Benítez-López said that the difference in hunting’s impact on birds, which can be seen seven kilometers or 4.3 miles from access points, and mammals, whose species depletion distance extends a full 40 kilometers or nearly 25 miles from roads and villages, is chiefly due to the fact that mammals are bigger and therefore provide more meat, making them more desirable prey — even if they’ve been mostly eradicated from the vicinity of a village or road and require more travel to find. “They are worth a longer trip,” she explained. “The bigger the mammal, the farther a hunter would walk to catch it.” As demand for bushmeat in rural and urban areas has increased (recent surveys have shown that people are even bringing bushmeat from Africa to Europe in unknown, but seemingly significant, quantities), larger species have been hunted to near-extinction in the proximity of villages.

The researchers also found that commercial hunters have a larger impact on wildlife populations than subsistence hunters who are simply trying to feed their families. That’s led to mammal population densities being lower outside of protected areas than they are inside of them — which the authors specifically attribute to commercial hunting activities.

But that doesn’t necessarily mean that granting a piece of land some kind of protected status automatically makes it safe for wildlife — the study determined that mammal populations have also been reduced even in protected areas.

Benítez-López and co-authors write that, “Thanks to this study, we estimate that only 17 percent of the original mammal abundance and 42 percent of the birds remain in hunted areas.”
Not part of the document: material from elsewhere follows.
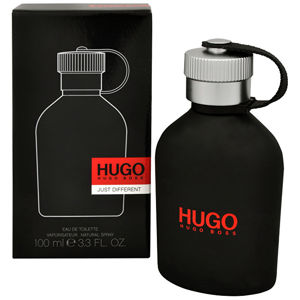 Hugo Boss Hugo Just Different - EDT 2 ml - odstrek s rozprašovačom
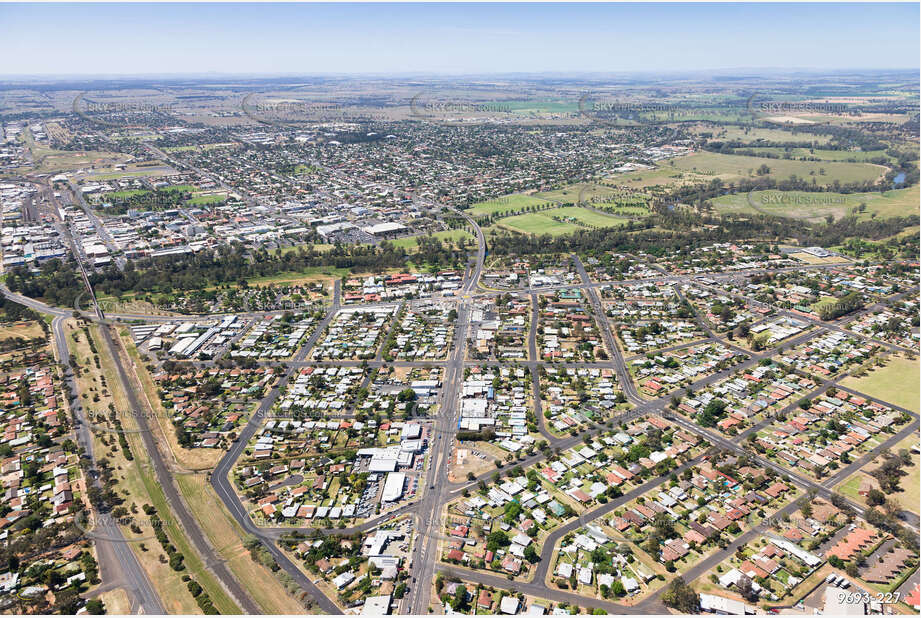 Aerial Photo Dubbo NSW Aerial Photography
“Strategies to sustainably manage wild meat hunting in both protected and unprotected tropical ecosystems are urgently needed to avoid further defaunation,” Benítez-López added. “This includes monitoring hunting activities by increasing anti-poaching patrols and controlling overexploitation via law enforcement.”

The South American tapir (Tapirus terrestris), also known as the Brazilian tapir or the lowland tapir, is often hunted for its meat and hide. Listed as Vulnerable on the IUCN Red List, the species is not considered to be at as great a risk of extinction as the other four tapir species. Photo via Wikimedia Commons, licensed under CC BY-SA 2.0.